If you don't want to have the frame re-anodized, then one of the high tech gun paints is probably a better choice. I have used Brownells Aluma-Hyde II on several Ruger 10-22's with satisfaction. It takes about a week for full cure, but once cured it is tough and very solvent resistant. Other paints or coatings that require baking are even better.

In case you want to fully restore the original finish, it can be re-anodized for not much money.

Welcome to US Anodizing is one firm( there are others) that can apply either Type II or III(hard) anodizing. I don't know which was orginally used on your revolvers, but either one is an order of magnitude better than any other finish you might put on in a home shop.
Victor at US Anodizing is a good guy and he runs a top notch company. I talked to him once about possibly reanodizing either an original AR-10 rifle or an early AR-15 Mod 601 rifle, I can't remember which.

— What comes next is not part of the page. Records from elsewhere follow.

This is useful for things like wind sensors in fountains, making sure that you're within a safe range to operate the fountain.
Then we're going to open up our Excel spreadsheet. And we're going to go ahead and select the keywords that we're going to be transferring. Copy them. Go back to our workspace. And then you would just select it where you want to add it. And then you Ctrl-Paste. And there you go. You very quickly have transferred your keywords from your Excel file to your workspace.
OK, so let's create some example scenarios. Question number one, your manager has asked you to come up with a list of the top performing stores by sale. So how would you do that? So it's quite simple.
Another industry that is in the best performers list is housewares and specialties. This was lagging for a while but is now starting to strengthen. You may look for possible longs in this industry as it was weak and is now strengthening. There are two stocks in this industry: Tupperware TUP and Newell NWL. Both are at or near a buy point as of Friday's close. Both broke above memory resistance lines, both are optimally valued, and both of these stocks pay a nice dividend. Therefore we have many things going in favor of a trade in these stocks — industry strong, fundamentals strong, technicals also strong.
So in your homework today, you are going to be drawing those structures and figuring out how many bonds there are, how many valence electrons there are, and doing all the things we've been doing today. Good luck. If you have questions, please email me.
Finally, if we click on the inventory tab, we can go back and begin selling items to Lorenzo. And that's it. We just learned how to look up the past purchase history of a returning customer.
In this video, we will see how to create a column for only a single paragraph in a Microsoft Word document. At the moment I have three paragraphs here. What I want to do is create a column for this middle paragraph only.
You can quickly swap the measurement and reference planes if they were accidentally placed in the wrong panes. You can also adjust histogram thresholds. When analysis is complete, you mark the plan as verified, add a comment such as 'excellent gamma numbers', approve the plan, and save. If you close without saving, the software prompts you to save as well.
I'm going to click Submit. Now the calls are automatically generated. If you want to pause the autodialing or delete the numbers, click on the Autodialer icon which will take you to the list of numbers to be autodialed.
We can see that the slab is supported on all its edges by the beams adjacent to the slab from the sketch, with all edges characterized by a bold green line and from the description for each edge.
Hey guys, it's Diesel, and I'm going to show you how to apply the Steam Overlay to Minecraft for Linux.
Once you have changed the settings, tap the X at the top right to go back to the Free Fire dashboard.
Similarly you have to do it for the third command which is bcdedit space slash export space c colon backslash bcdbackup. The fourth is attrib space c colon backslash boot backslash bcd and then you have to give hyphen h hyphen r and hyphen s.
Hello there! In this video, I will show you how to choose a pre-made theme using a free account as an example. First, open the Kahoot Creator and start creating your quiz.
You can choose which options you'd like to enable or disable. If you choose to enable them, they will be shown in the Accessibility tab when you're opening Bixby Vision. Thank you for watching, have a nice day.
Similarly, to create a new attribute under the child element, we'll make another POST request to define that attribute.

I may try the Aluma Hide but sending the gun I have in mind to be reanodized is just not worth the expense. It's a carry gun and it's fine mechanically, but it's showing it's age at 55 years. Does have a lot of character, though

The few times I've tried the Aluma Black I got the same results you did.
I thought it might be a good idea to check here to see if I was missing something. Since it's so easy to use I may try the heat thing that helps with cold bluing surface prep.

I have to agree that the oxidation properties of aluminum vs. steel are very different.

Thanks for your reply.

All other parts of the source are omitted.